I still get butterflies.
Eagle Rock
As I signal for a right turn, I look in the rear view mirror and that’s when I see it. I see my own face in her face. I see the furrowed brows, the crease between the eyebrows. My heart stops, and I want to run.
I want to run away from the woman who has blamed the world without stopping to say thank you if only once in a blue moon. But I’m being drawn in. In to the woman who wasn’t ready for marriage. For kids. For this kind of life. The woman who was stripped of every dream she had. The woman who let things slip away because self pity is always easier than change.
I look back at the road, and all I can see is the unfortunate town that has increased the depth of the crease in her forehead. It’s people, it’s hole-in-the wall eateries, it’s all too familiar scents of “home” – it’s all there’s left.
Her frown only shifts downward, and I feel my own self dropping to the bottom of my seat. And somehow, I know. I know that the only way out is living the dreams through the children. But no one wants to live their life for someone else. And she says she’ll die soon enough anyway. What’s left for a heart that harbors absolutely nothing?
When I give up, I feel his hand on my forehead. With a gentle finger, he’s there in the passenger seat, rubbing out the crease between my eyebrows and I can’t help but smile.
I look back at the rear view mirror, and while I wish things were different, I find comfort knowing my life is not hanging onto her frown or her perceptions of what I should do.
It’s almost silly that his nearly flawless forehead reminds me that dreams are possible. That I won’t be that woman. That no one will ever be her. That my dreams are my own, shared with his, and he’d never let me frown so hopelessly.
I finally stop the car, and when we walk out, I can’t help but let my arm curl around her shoulder, hoping that there’s still a fire left in the chambers of her heart.
English 101
Early American literature has its way of drilling into my brain and leaving it in pieces as a reminder that I am nothing more than a mediocre college student, attempting to fill in the lines with something extraordinary. Turning page after page, absolutely nothing is sticking, and the same sentence is read aloud twenty times over until I conjure up the image of blinding my eye with a highlighter.
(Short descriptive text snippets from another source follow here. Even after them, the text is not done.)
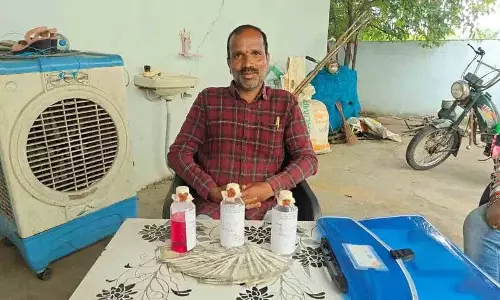 Panchayat Secretary को 20 हजार रुपये की रिश्वत लेते एसीबी ने पकड़ा Panchayat Secretary को 20 हजार रुपये की रिश्वत लेते एसीबी ने पकड़ा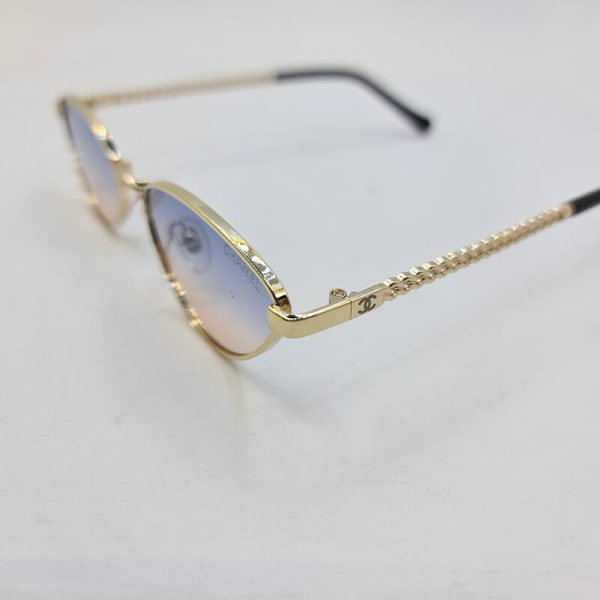 عکس از عینک آفتابی شنل با فریم مثلثی و لنز دو رنگ و دسته طرح زنجیری مدل g29546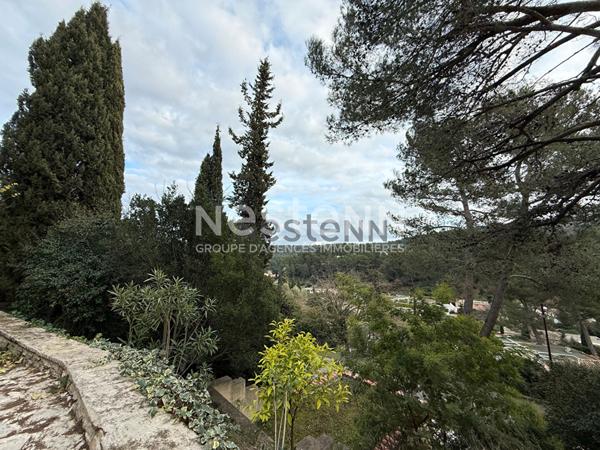 Maison T8 de 240m2 sur un terrain de 1 700m2 - Secteur Carnoux-en-provence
But on certain days, when the weather is warm, and I’m taking refuge in the only home that I know, reality pushes me into the most comforting set of arms I could ever imagine. I look up and before Franklin or Hamilton or Paine can drive me back into colonial insanity, he places a rose on the page of my book, filling the room with the joy I thought I had lost. Before I know it, he’s off to work again, and the floral scent carries my heart until the end of the day when I am happiest knowing that I can sleep under the covers and wake up to my favorite kiss good morning.
The Little Things
“Your voice is about the only real calming thing I know I have.”
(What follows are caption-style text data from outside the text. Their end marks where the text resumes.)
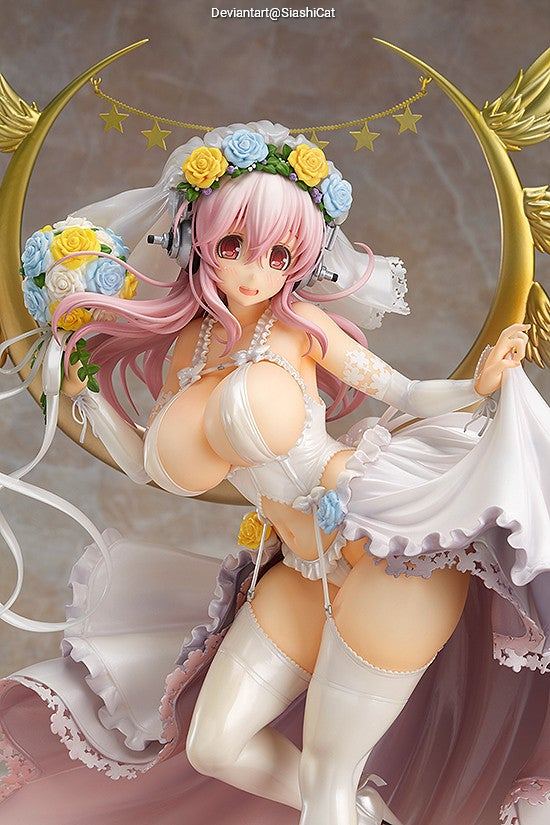 Good Smile - Super Sonico 10th Anniversary Figure - Super Sonico (Wedding) (Bride) Cosplay character recreation portrait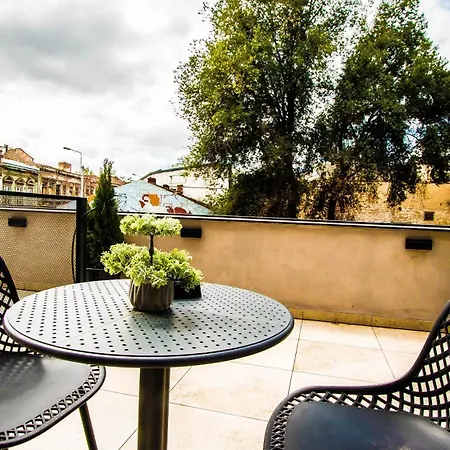 Carol 1 Appart hôtel 4*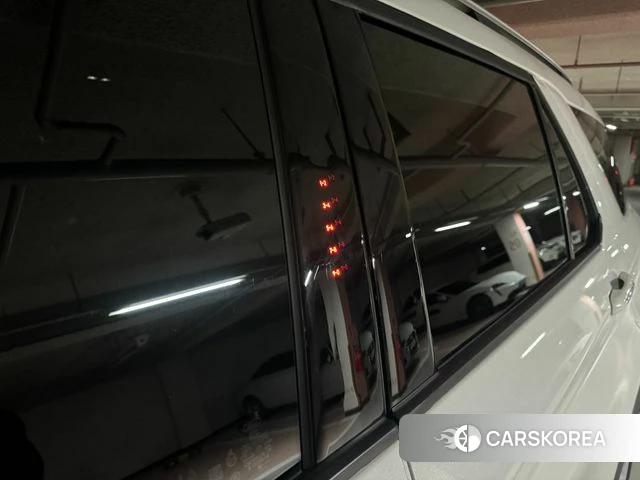 Ford Explorer 6th Generation 2022 Белый из Кореи, фото 2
While he doesn’t say much when it comes to these type of things, when he does, they’re something else.
Wings
The best things are always the simplest of things. And they don’t really teach you that anywhere else. Until life comes along. You wake up sick in bed, and he’s there. And the hot bowl of soup that he puts on your lap is enough to melt your heart. He puts on a movie and tells you it’s Disney. Your smile quite isn’t enough to tell him what he needs to hear.
You realize you look awful, lacking sleep, feeling terrible. But he holds your face in his hands and tells you you’re beautiful. You are the prettiest little thing he’s ever seen and wouldn’t want it any other way. He picks you up, and spins you around as if nothing else mattered.
Night falls and ice cream sounds like a wonderful reward for sleeping away the pain of being sick. He throws your hood on because he cares more about you than you do, and your steps on the sidewalk are in sync with his. You jump on him after you’ve finished your ice cream and wish for time to stop and capture this moment.
He whispers the things that give your heart wings, and you remember how the best things are always such simple things.